Basic Concepts
An introduction to the concepts in our orchestration component.
Pipeline
The Pipeline is the core orchestration component that sequences and manages the execution of the components in our SDK. The Pipeline wraps the LangGraph library, which provides a powerful way to define and execute complex workflows.
Our Pipeline:
Lets you list Steps to run in sequence.
Can be empty (acts as a pass-through), contain a list of steps, or be composed from other Pipelines.
Supports chaining and nesting so you can build larger flows from smaller ones.
Validates and enforces the structure of the data that moves through.
Steps
Steps represent a single action in the Pipeline that reads the current state, does some work, and returns what changed or was added. A Step can wrap a component so that it can be executed within the pipeline framework, with automatic input/output handling through the pipeline’s State.
Each Step:
Connects into the Pipeline flow with defined inputs and outputs.
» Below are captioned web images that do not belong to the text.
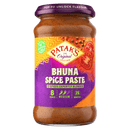 Patak's Bhuna Paste - 283g - 2 FOR £4.00 - Jalpur Millers Online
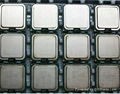 CPU640 3.2GHz 3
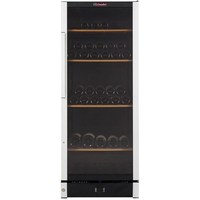 La Sommeliere VIP150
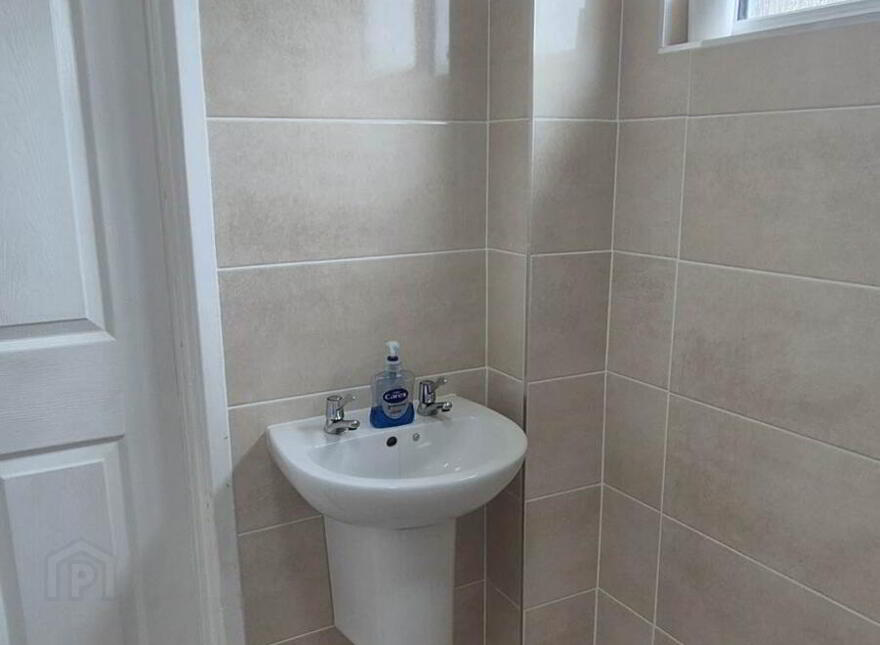 39 Rosemount Gardens, Derry, BT48 0HW
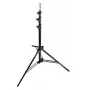 Statief Manfrotto 1005BAC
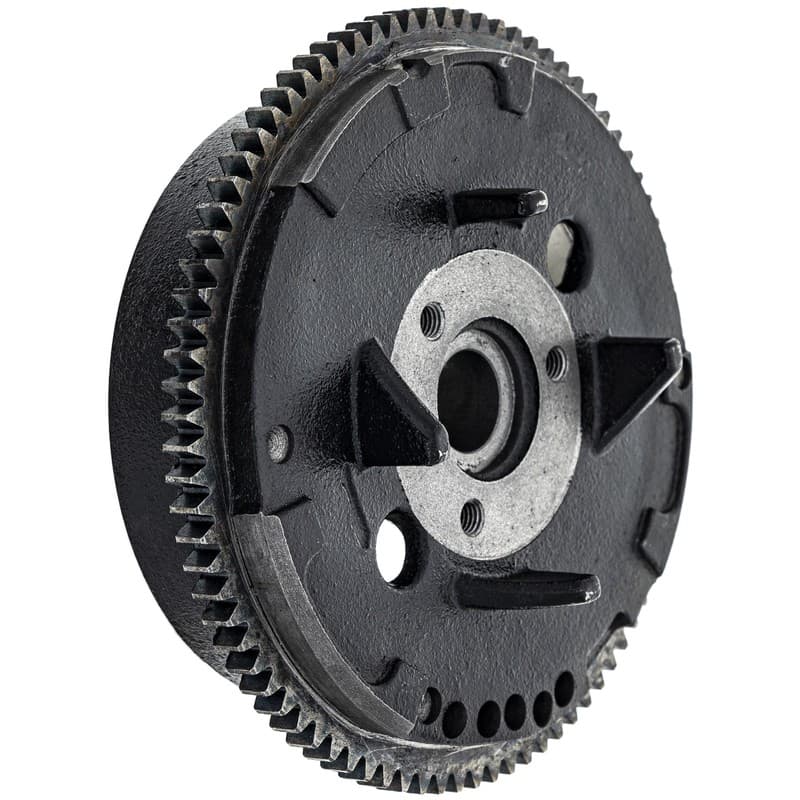 NICHE Flywheel Rotor for Polaris Sportsman 500 3086983 3085558 3086819 3087166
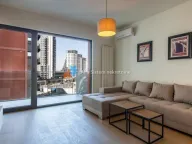 Prodaja, dvosoban stan, 54m², Savski Venac, Beograd - image 12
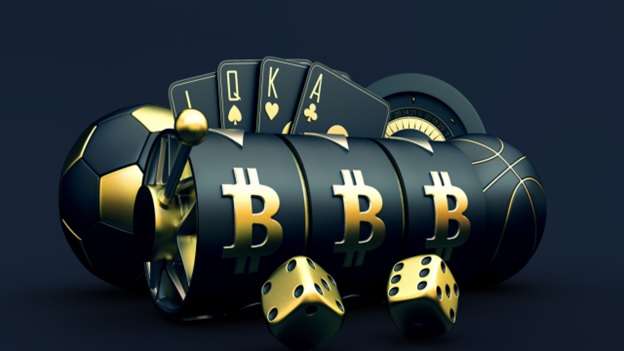 The Role of Artificial Intelligence in Enhancing bitcoin casino legal Experiences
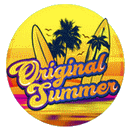 Original Summer ( FR ) Original Summer ( FR )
Typically has one entry and one exit, but can also branch or merge data.
Can be chained easily with the other steps.
Uses consistent error handling so failures include helpful context.
State
A State is the data container that flows through your pipeline — it carries inputs, intermediate results, and outputs between steps. It acts as the shared context for the entire workflow, allowing each step to read from and write to it without manually passing variables around.
The State:
Acts as the contract between Steps — each Step reads what it needs and writes back updates.
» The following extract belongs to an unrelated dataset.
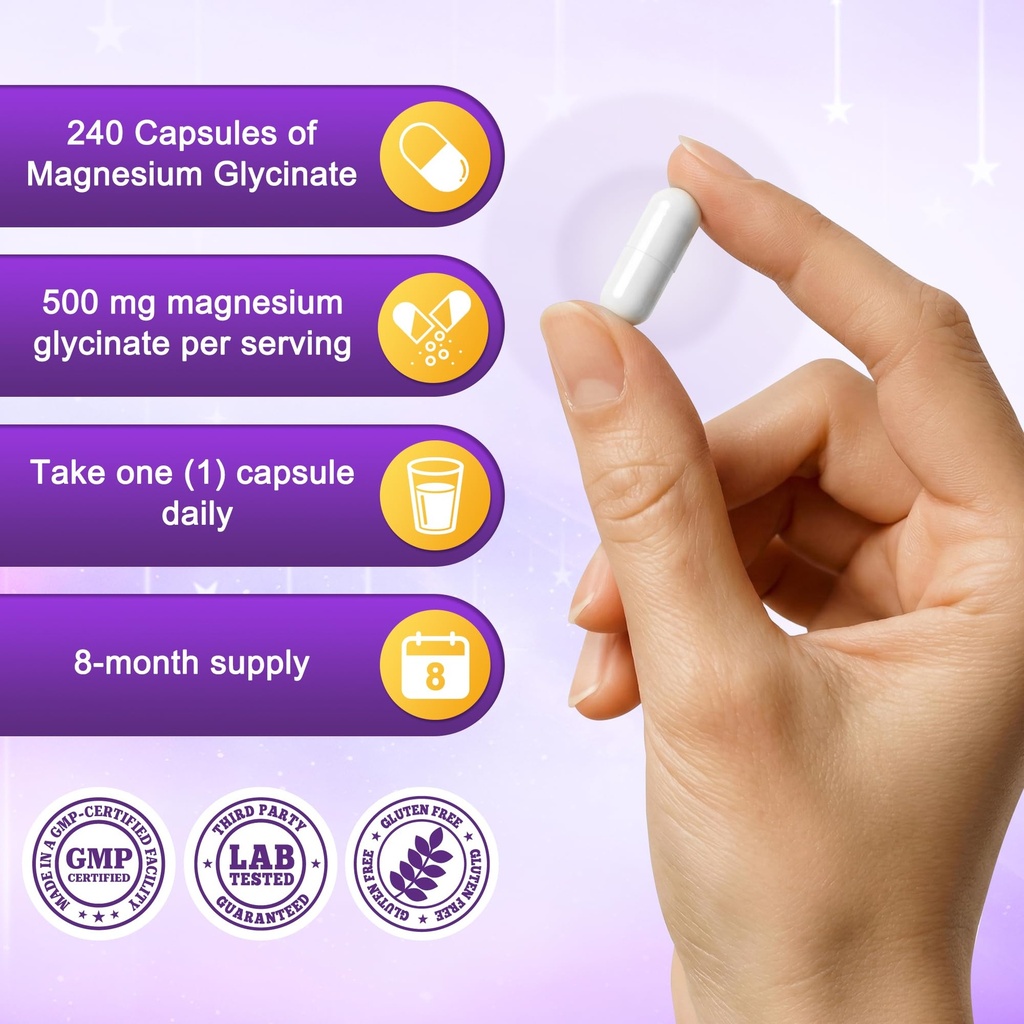 magnesium-glycinate-500mg-per-capsule-24-4.jpg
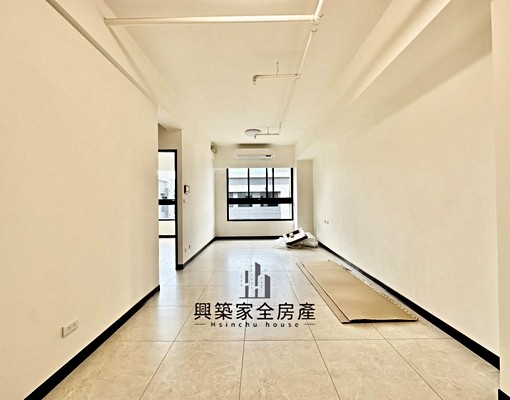 📢高鐵區｜全新高樓優質3房｜可租補報稅｜含車位｜E - Image 2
Encourages predictable schemata so Steps remain reusable and composable.
Supports mapping when entering or leaving nested flows to keep keys aligned.
Subgraph
A Subgraph is a reusable Pipeline that could be embedded inside another Pipeline.
A Subgraph:
Encapsulates a sequence of actions, so fomplex logic stays modular and easy to reuse.
Maps inputs from the parent flow into its flow.
Improves error context by hinting which inner action failed.
When to use a Subgraph
You should consider using a Subgraph when:
The same group of actions appear in more than one Pipeline.
A portion of your Pipeline is conceptually one functionality (e.g. "retrieve", "format").
You intend to evolve or swap implementations without changing the parent flow.
You should NOT use a Subgraph when:
The sequence is tiny, only used once, and shares the same State schema as the parent.
Nesting adds more mental overhead than it removes.